On the licensing side, the Smithsonian looks for partners who can develop products on its behalf and sell those products to retailers, so it focuses on partners that have a track record of developing and distributing products.
And as with anything in the business or nonprofit world, the right partnerships are mutually beneficial. As LeBlanc noted: “If only one side is winning, it can’t be successful.”
That means building a relationship over time and working to make sure both parties make a fair profit, Howell said.
“To approach it in a different way is not very good business sense,” he added. “To continue to change vendors for a lower price is not something we’d chase.”
Building and maintaining these relationships takes work, of course—work that can catch many nonprofits off-guard.
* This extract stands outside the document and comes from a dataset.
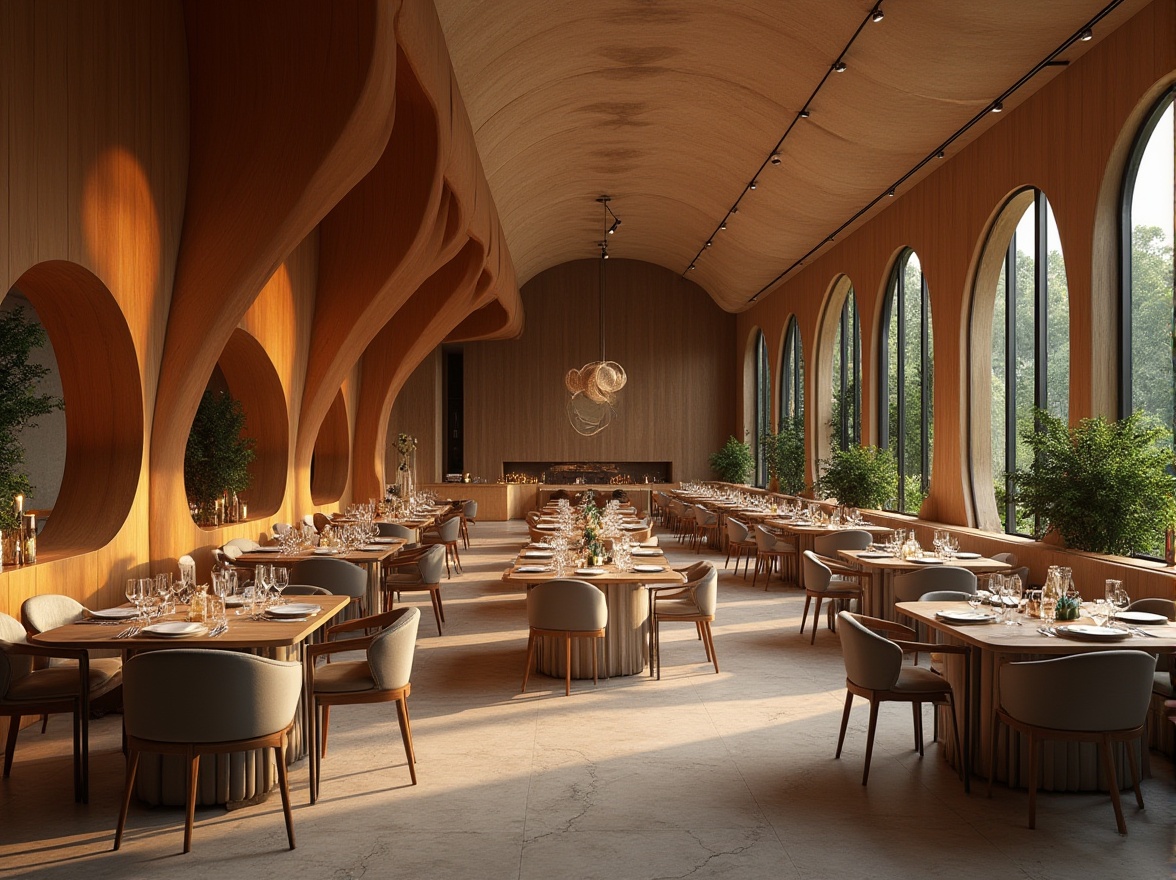 Prompt: Elegant dining hall, flowing organic curves, natural materials, reclaimed wood accents, earthy tones, warm candlelight, lush greenery, botanical prints, sculptural furniture, sinuous lines, minimalist decor, soft diffused lighting, shallow depth of field, 2/3 composition, atmospheric perspective, realistic textures, ambient occlusion.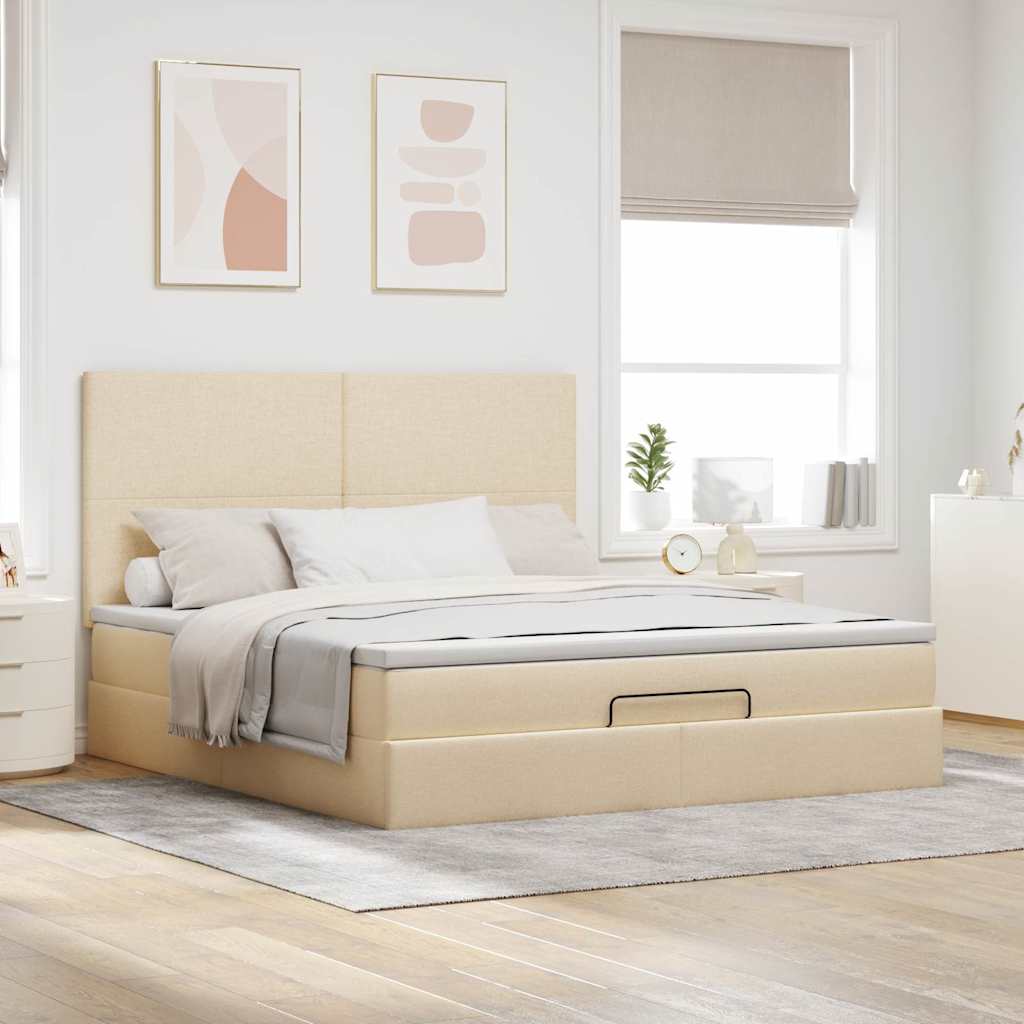 Ottoman Bed with Mattress Cream 160x200 cm Fabric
The number of man hours it takes to manage these relationships is significant. “People sometimes underestimate the time and resources needed to appropriately manage relationships so they reflect the brand and message of the organization,” LeBlanc explained. “They look at the dollar amount, but are not really factoring in the time.” That’s something every organization should note.
Of course, relationships can always change—and your partners may not operate the same way in the future as they did when you started with them. That’s why the Smithsonian builds clauses into its vendor contracts that allow it to exit the relationship if it feels its brand could be harmed. It’s also why the Smithsonian spends a lot of time selecting the right partners, and talking to multiple people and divisions across the organization, including the legal team, public affairs and museum staff. “It’s an ongoing challenge,” said Howell. “You have to be diligent on a regular basis. You can’t let it go. You must look at it constantly to make sure your partners are not shifting their manufacturing practices.”